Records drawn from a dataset
-.-.-

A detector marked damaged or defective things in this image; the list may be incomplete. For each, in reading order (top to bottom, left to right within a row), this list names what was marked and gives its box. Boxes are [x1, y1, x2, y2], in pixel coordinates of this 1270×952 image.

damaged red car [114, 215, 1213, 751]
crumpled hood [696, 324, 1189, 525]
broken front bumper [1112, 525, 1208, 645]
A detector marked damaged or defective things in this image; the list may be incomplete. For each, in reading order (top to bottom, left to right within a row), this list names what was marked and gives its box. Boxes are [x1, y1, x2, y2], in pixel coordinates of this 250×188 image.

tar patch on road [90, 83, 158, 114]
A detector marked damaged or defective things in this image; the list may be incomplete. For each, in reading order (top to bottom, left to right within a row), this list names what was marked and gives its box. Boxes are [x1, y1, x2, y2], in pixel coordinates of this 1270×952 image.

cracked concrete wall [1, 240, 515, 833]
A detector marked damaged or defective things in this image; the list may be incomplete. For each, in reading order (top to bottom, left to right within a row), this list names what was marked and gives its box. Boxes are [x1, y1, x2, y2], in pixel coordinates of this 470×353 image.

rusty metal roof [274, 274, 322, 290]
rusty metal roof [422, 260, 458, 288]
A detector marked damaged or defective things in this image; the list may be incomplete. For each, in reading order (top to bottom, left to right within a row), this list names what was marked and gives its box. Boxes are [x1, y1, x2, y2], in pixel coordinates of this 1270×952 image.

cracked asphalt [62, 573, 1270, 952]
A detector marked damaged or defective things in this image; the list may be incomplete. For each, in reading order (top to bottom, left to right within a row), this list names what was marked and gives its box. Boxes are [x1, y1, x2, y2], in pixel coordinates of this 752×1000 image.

-.-.-

**WHAT TO WORK ON:** Output the line containing "this 250×188 image." and all lines after it to the end of the records, exactly as given.

**FINAL ANSWER:**
A detector marked damaged or defective things in this image; the list may be incomplete. For each, in reading order (top to bottom, left to right within a row), this list names what was marked and gives its box. Boxes are [x1, y1, x2, y2], in pixel coordinates of this 250×188 image.

tar patch on road [90, 83, 158, 114]
A detector marked damaged or defective things in this image; the list may be incomplete. For each, in reading order (top to bottom, left to right within a row), this list names what was marked and gives its box. Boxes are [x1, y1, x2, y2], in pixel coordinates of this 1270×952 image.

cracked concrete wall [1, 240, 515, 833]
A detector marked damaged or defective things in this image; the list may be incomplete. For each, in reading order (top to bottom, left to right within a row), this list names what was marked and gives its box. Boxes are [x1, y1, x2, y2], in pixel coordinates of this 470×353 image.

rusty metal roof [274, 274, 322, 290]
rusty metal roof [422, 260, 458, 288]
A detector marked damaged or defective things in this image; the list may be incomplete. For each, in reading order (top to bottom, left to right within a row), this list names what was marked and gives its box. Boxes are [x1, y1, x2, y2], in pixel coordinates of this 1270×952 image.

cracked asphalt [62, 573, 1270, 952]
A detector marked damaged or defective things in this image; the list may be incomplete. For each, in reading order (top to bottom, left to right within a row), this list names what was marked and gives its box. Boxes are [x1, y1, x2, y2], in pixel coordinates of this 752×1000 image.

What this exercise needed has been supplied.